I’ve no idea how to do this for programming, but I’ve had a go for maths.

#Wasteland 3 october 11 code

And when debugging, I’d like all code that isn’t related to a particular failed test case to be cleanly removed. For example, when exploring new code, it would be nice to explore it in terms of various interactive UML diagrams. I think the next big jump will be to retain a clean and simple text representation, but you’ll move between various graphical representations of code. I understand the advantages of plain text, but I’m surprised by how little interactive graphical representations of code are used to refactor it. But if it’s happening, I haven’t come across it.

wasteland 3 october 11

I wish I could point to areas where this kind of transformational, philosophically-driven innovation is being performed today.
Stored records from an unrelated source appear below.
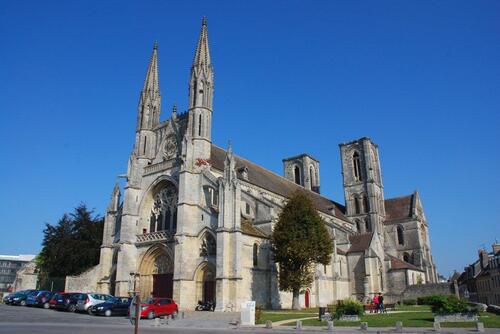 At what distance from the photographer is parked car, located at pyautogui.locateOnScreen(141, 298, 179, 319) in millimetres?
23036

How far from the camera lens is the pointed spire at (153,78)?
41094 millimetres

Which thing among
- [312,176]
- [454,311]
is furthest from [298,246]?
[312,176]

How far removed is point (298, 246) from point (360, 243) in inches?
554

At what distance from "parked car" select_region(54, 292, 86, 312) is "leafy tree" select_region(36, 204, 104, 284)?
15079 mm

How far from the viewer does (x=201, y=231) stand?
31.4 metres

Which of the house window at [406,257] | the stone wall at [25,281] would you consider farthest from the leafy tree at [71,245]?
the house window at [406,257]

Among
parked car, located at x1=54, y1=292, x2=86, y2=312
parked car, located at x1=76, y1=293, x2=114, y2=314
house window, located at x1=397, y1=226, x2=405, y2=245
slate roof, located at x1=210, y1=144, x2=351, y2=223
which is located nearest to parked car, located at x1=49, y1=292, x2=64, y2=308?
parked car, located at x1=54, y1=292, x2=86, y2=312

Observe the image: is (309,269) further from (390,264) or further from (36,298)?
(36,298)

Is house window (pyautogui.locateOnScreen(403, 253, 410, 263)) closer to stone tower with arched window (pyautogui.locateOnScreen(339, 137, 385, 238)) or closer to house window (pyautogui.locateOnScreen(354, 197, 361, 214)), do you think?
stone tower with arched window (pyautogui.locateOnScreen(339, 137, 385, 238))

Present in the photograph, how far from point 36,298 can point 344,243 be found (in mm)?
27810

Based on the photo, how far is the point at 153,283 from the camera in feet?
111

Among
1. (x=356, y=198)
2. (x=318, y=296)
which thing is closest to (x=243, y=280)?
(x=318, y=296)

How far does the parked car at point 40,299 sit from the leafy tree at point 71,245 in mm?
11525

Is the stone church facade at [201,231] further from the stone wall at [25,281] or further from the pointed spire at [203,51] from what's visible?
the stone wall at [25,281] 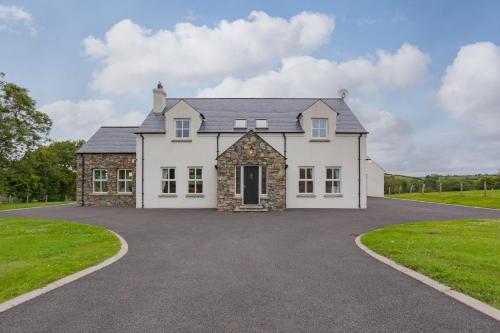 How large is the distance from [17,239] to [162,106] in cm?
1574

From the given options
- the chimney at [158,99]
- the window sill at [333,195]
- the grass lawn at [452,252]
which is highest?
the chimney at [158,99]

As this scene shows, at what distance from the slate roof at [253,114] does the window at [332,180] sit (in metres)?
2.79

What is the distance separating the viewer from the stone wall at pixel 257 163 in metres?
19.6

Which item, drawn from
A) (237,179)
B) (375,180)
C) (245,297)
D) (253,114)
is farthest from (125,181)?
(375,180)

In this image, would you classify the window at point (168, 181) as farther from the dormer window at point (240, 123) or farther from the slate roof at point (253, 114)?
the dormer window at point (240, 123)

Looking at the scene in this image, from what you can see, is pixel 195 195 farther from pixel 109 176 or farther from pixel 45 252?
pixel 45 252

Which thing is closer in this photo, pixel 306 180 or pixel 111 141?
pixel 306 180

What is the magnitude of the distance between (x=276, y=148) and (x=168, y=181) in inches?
312

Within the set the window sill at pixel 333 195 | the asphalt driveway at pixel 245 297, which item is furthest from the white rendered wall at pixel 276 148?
the asphalt driveway at pixel 245 297

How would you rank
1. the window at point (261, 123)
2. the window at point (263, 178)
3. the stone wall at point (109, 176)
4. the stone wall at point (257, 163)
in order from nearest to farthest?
the stone wall at point (257, 163)
the window at point (263, 178)
the window at point (261, 123)
the stone wall at point (109, 176)

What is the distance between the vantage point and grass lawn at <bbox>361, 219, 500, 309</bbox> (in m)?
5.57

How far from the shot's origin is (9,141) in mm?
30141

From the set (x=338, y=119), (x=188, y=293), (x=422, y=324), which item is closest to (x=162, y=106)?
(x=338, y=119)

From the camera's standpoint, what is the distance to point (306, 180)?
851 inches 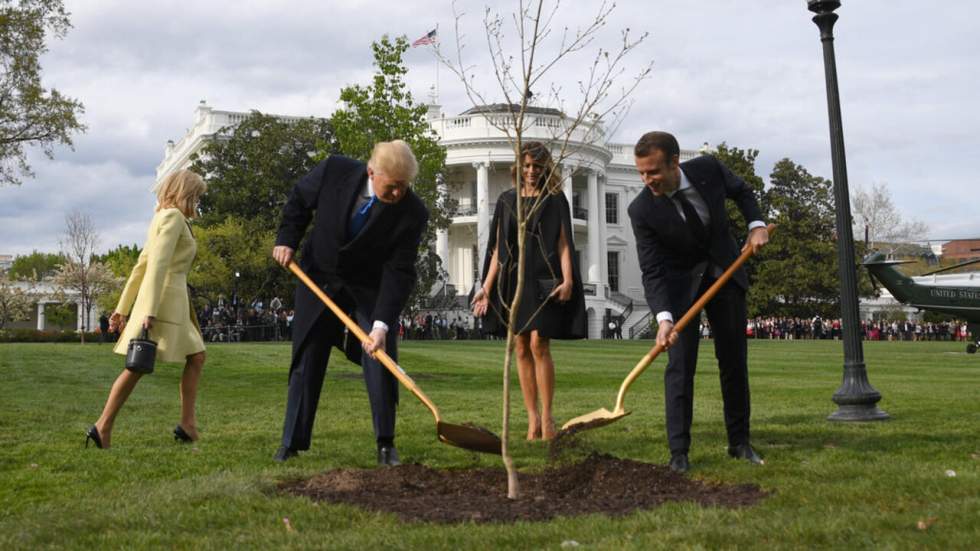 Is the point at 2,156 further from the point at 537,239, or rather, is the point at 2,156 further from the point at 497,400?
the point at 537,239

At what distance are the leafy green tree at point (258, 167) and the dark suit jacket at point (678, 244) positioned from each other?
43646 mm

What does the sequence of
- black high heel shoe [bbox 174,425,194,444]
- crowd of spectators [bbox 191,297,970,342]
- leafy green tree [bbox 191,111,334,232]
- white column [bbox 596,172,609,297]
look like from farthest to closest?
white column [bbox 596,172,609,297], leafy green tree [bbox 191,111,334,232], crowd of spectators [bbox 191,297,970,342], black high heel shoe [bbox 174,425,194,444]

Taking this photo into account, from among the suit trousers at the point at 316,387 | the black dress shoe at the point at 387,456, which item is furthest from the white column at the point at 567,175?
the black dress shoe at the point at 387,456

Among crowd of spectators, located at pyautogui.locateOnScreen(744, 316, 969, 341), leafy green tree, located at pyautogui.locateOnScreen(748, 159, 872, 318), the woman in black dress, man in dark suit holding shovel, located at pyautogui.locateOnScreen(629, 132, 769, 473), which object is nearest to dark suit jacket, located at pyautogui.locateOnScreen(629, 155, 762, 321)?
man in dark suit holding shovel, located at pyautogui.locateOnScreen(629, 132, 769, 473)

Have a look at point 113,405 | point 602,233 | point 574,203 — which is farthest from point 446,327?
point 113,405

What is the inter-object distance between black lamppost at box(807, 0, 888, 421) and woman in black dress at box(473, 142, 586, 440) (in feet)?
9.20

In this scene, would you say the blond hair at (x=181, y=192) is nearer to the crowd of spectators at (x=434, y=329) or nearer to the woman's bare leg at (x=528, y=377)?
the woman's bare leg at (x=528, y=377)

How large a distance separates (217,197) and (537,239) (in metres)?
44.9

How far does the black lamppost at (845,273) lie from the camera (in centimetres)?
830

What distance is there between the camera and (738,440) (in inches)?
228

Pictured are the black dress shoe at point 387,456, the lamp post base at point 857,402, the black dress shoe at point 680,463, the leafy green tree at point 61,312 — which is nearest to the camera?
the black dress shoe at point 680,463

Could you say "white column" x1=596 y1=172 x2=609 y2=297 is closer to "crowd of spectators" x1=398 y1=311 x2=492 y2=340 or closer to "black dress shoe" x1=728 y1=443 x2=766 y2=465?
"crowd of spectators" x1=398 y1=311 x2=492 y2=340

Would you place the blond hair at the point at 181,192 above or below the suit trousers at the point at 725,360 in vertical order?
above

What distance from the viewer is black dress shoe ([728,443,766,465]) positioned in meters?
5.64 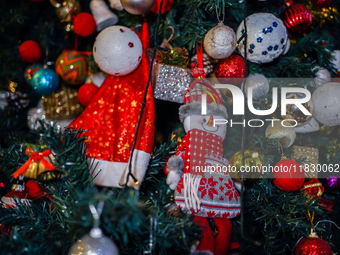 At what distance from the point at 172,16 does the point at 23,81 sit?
657 millimetres

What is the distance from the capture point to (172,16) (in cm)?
103

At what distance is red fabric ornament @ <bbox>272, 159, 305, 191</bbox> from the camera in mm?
821

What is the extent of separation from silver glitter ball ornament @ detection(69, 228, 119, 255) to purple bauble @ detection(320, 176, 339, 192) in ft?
2.41

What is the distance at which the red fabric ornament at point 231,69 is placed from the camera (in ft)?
3.03

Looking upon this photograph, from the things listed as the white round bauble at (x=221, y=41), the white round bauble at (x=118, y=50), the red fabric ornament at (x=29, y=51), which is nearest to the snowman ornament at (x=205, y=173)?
the white round bauble at (x=221, y=41)

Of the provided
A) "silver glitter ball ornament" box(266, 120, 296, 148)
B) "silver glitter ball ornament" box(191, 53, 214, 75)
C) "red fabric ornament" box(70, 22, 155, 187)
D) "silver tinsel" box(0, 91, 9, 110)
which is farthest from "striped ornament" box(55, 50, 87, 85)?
"silver glitter ball ornament" box(266, 120, 296, 148)

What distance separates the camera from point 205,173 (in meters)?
0.82

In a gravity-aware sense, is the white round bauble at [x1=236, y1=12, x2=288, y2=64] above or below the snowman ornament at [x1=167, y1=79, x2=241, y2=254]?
above

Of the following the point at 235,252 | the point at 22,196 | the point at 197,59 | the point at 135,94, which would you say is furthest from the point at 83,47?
the point at 235,252

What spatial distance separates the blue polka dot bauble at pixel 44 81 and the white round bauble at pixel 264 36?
67 centimetres

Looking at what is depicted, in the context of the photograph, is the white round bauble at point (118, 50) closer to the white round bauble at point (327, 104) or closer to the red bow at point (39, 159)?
the red bow at point (39, 159)

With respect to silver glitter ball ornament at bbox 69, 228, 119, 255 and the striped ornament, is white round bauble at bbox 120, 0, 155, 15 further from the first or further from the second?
silver glitter ball ornament at bbox 69, 228, 119, 255

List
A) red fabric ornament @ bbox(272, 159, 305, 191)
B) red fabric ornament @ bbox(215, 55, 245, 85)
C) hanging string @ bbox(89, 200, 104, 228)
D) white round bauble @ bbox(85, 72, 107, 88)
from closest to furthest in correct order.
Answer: hanging string @ bbox(89, 200, 104, 228) → red fabric ornament @ bbox(272, 159, 305, 191) → red fabric ornament @ bbox(215, 55, 245, 85) → white round bauble @ bbox(85, 72, 107, 88)

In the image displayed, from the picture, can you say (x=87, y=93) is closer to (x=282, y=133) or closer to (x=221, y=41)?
(x=221, y=41)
But in the 60s, 70s, and 80s, people like Alan Kay and Ivan Sutherland dreamed bigger, and even their “failures” changed the face of programming and computing. These are fundamentally derivative ideas.īuilding incremental improvements on old things is good and important work. Or, alternately, “I’m tired of programmers screwing X up. But they are are languages that exist because someone said “I like programming as we know it, I just want to change X and Y”. These are all great languages, with a lot to recommend them. Witness the rise of languages like Go (“C with GC and CSP”), Rust (“C++, but less horrible”), Elixir (“Erlang, but less horrible”), and Clojure (“Lisp without the cruft and mutability”). And where there is innovation, it is often in service to the cold gods of performance or predictability, rather than opening new vistas of computer-mediated creation. Most of the “new hotness” technologies are cobbled-together bits of older technologies. Programming in 2015 feels a bit like Mad Max sometimes. Things like “optional semicolons” and “open classes” are less exciting if you haven’t spent the preceding five years coding in Java or C#.

wasteland 3 october 11

Most of the design decisions that cause me to love it turn out to be difficult to explain to someone who has learned to program in Ruby. My language of choice for the last ~10 years, Ruby, is very much in this vein. Usually, the vision amounted to “help programmers serve the computer more easily”, or sometimes “be like $older_language, only a little less painful”. If the implementation couldn’t keep up, new implementation techniques had to be created.Īmong other advances, we have this approach to thank for the HotSpot compiler, technology originally created to make dynamic programming in Self feasible on 1980s hardware.īy contrast, most programming languages I’ve worked with professionally were born from much less ambitious visions. If existing language or interaction paradigms were insufficient to realize the goal, new ones had to be invented. These were systems that flowed out of a distinct philosophy and the intent to change the world. Alan Kay, The Early History of SmalltalkĪs I’ve become more familiar with the history of projects like Sketchpad, Smalltalk, and Self, I’ve been fascinated by the qualitative difference in approach their builders brought to programming system design, compared to most recent languages. We were actually trying for a qualitative shift in belief structures-a new Kuhnian paradigm in the same spirit as the invention of the printing press-and thus took highly extreme positions which almost forced these new styles to be invented.